Several themes persist throughout the installation, including boulders representing the weight of the cross and the repeated use of Shaker furniture. For instance, at Station Four, Jesus’s meeting of Mother Mary is symbolized by two small abstract figures facing one another, over which hang a large boulder pierced by an illuminated pipe. At the end of the walkway, the viewer comes to the final station representing the resurrection, where a large white human figure is suspended upside down in an apse of trees over a blue bed. While I had trouble connecting the religious elements to the images at each of the stations, the installation itself was carefully and beautifully constructed, and should be sampled just for the experience.

When I finally found my way to Kidspace – MASS MoCA is a pretty big place – the more concrete and accessible works of painter Willie Birch were a welcome reprieve from the more bizarre and cerebral works found in the rest of the musuem. A bright room on the third floor of the building, Kidspace provided an intimate setting in which to display Birch’s 13 works, all of them acrylic paint and charcoal on paper.

The works depict different aspects of life in New Orleans, where Birch was born and raised. He studied art at Southern University in New Orleans, and received his M.F.A. from the Maryland Institute College of Art in 1973. After graduating, he moved to Brooklyn, N.Y., where he lived for over 20 years, before returning to New Orleans, where he currently resides and works. While in graduate school, Birch was influenced by abstraction and color field painting, but during a residency at the Studio Museum in Harlem, he began to study different forms of American folk art and outsider art.

He also studied different forms of art from around the world, including that of African and American Indian cultures. The works are rather large, ranging from 32 by 36.5 inches to 72 by 78 inches, but all of them were based on small snapshots that Birch took. The photos themselves seem rather ordinary, but Birch’s process of reproducing them on a much larger scale brings to them a vitality and energy that aren’t initially apparent.

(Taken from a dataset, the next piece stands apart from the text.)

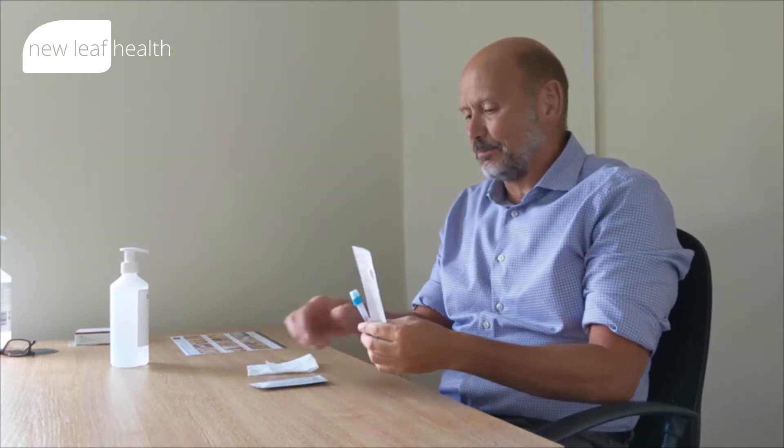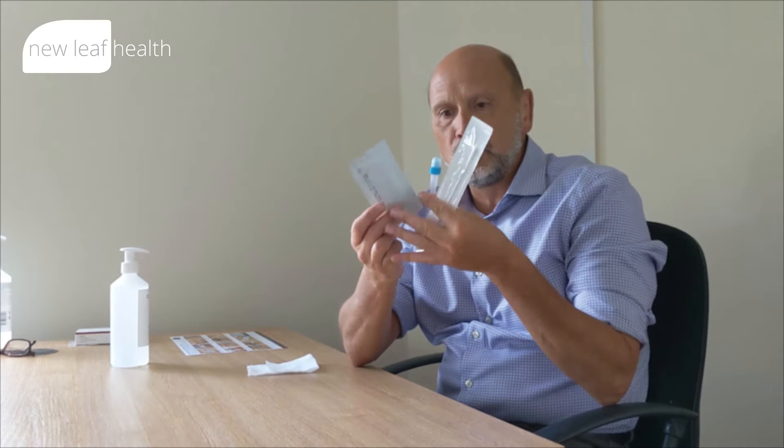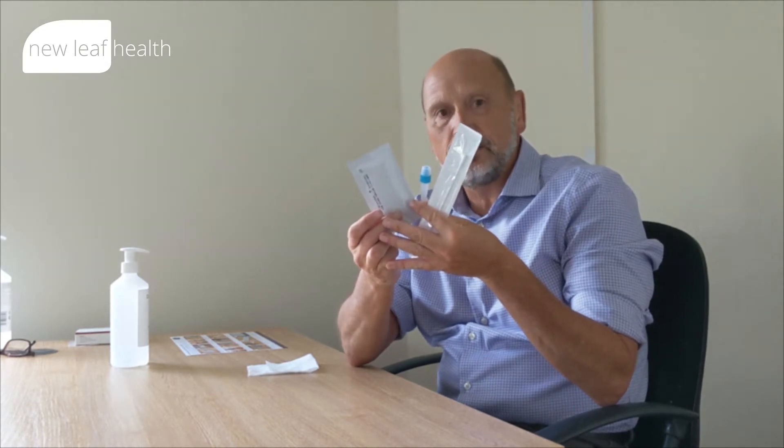Hi, Andy from New Leaf Health here. I just want to take you through the lateral flow tests that we're recommending to our clients at New Leaf Health for protection against COVID-19. The reason why I'm demonstrating this to you, you'll see the simplicity of using the FlowFlex test, particularly compared to some of the free tests that have been made available to us all in recent times.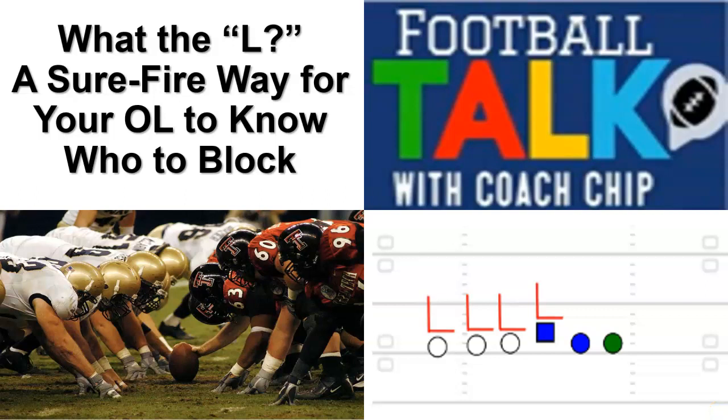Hey coaches, welcome back to Football Talk with Coach Chip. Just got back recently from the Glazier Clinic in Atlanta — they call it Atlanta, it's actually Marietta — and it was a good time. The coaching staff went up there, we saw a lot of good speakers, had a lot of good fellowship, met some guys that I had talked to on the internet and even by phone.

In “Watching the Parade Go By,” each person’s expression is interesting and gives the viewer a sense of how each person is important in their own right. This is also a great example of a painting showcasing Birch’s juxtaposition of hard outlines and subtle shading. The lines draw attention to geometric patterns and clearly defined shapes at the borders of each figure, while the shading is used to show subtle variances in skin tone and lighting.

Although most of Birch’s works in the exhibit are in black and white, he employs color to great effect in a few of his works – most notably in “Boy with Blue Hair II.” The electric blue hair grabs your attention, drawing you to closer examine the subject of the painting. Birch also features hairstyles in another one of his paintings, “Three Females with Doo’s,” as three young Prom-ready ladies look at the viewer in quiet contemplation.

Birch’s exhibit, although lacking in the grand scale of Wilson’s “14 Stations” or the tongue-in-cheek humor of Rockwell’s art, wonderfully complements the rest of the art in MASS MoCA through its simplicity and honesty. It is well worth sampling on your way through the museum, as it is a wonderful antidote to anyone’s misconceptions of modern art.